* WHAT THE TASK REQUIRES *
In the material below, find the line with "COA CITY TOTE 22119" and the line with "fujitsu fi-7160 sheetfed". Output exactly those two lines and all lines between them, leaving out pictures.

* PROVIDED RECORDS *
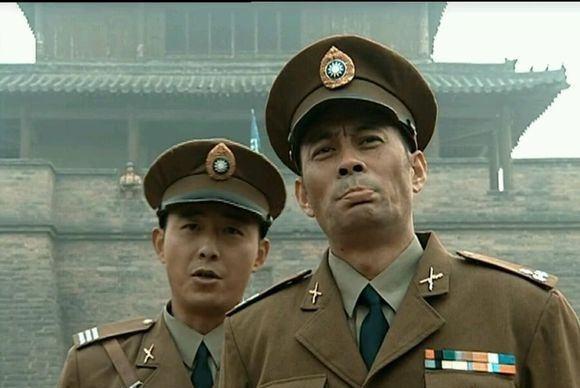 从一张老照片,聊聊抗战结束后国军的军装到底是啥样?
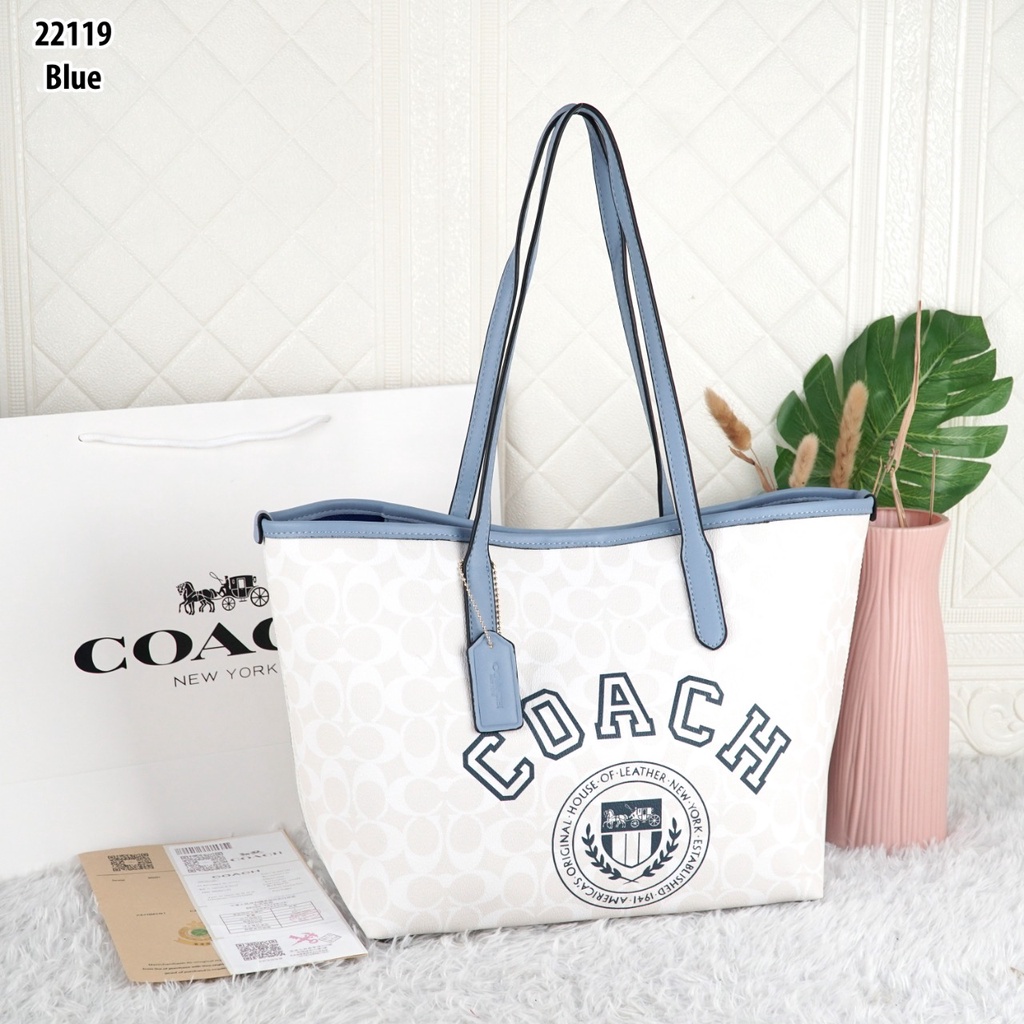 COA CITY TOTE 22119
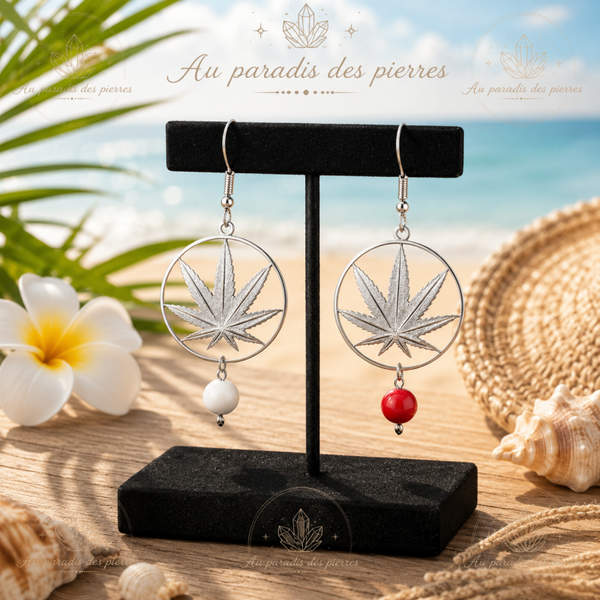 Boucles d’oreilles feuilles d’érable et pierres dépareillées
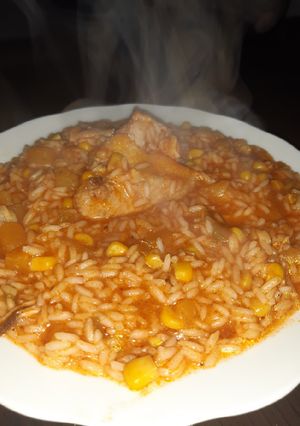 Una foto de Guisito con alitas de pollo
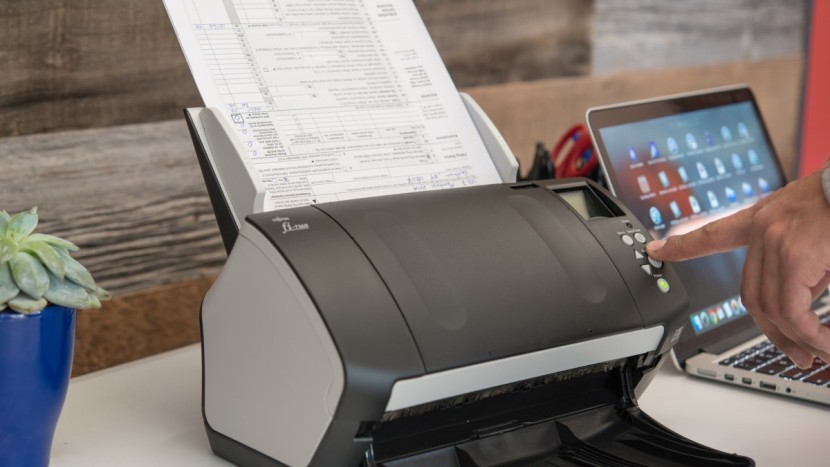 fujitsu fi-7160 sheetfed - the fujitsu fi-7160 has an 80-page automatic document feeder, the...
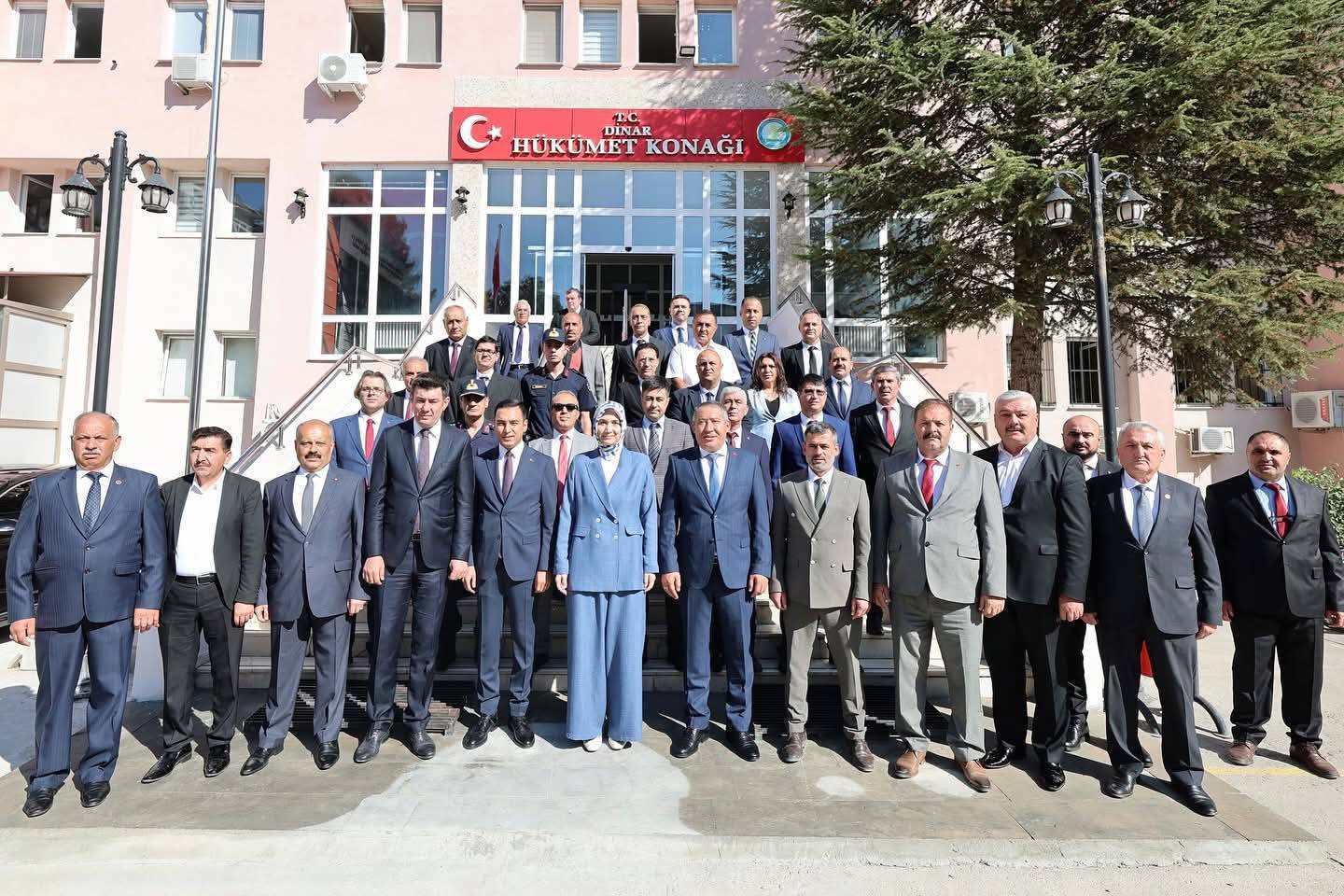 AFYON VALİSİ DOÇ.DR.KÜBRA GÜRAN YİĞİTBŞI’NIN DİNAR ZİYARETİ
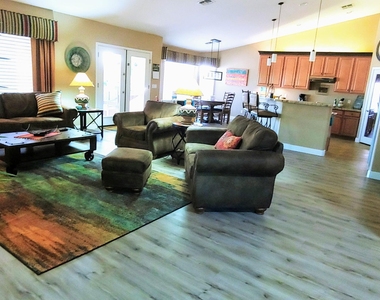 4711 E Sleepy Ranch Road - Photo Thumbnail 5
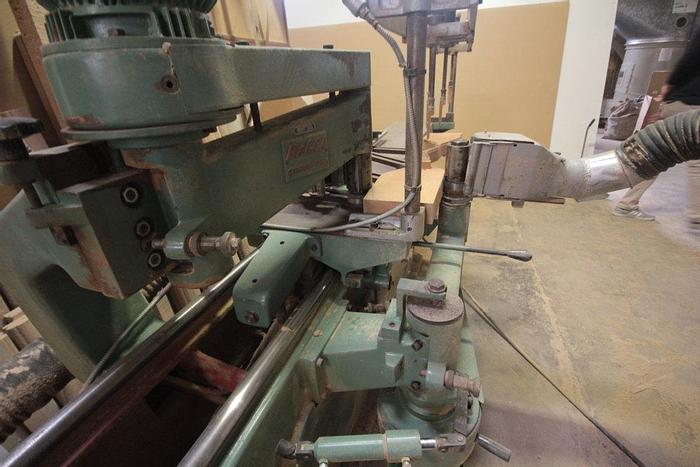 Used Fresatrice contornatrice per elementi di sedie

* RESULT FOR THIS EXERCISE *
 COA CITY TOTE 22119
 Boucles d’oreilles feuilles d’érable et pierres dépareillées
 Una foto de Guisito con alitas de pollo
 fujitsu fi-7160 sheetfed - the fujitsu fi-7160 has an 80-page automatic document feeder, the...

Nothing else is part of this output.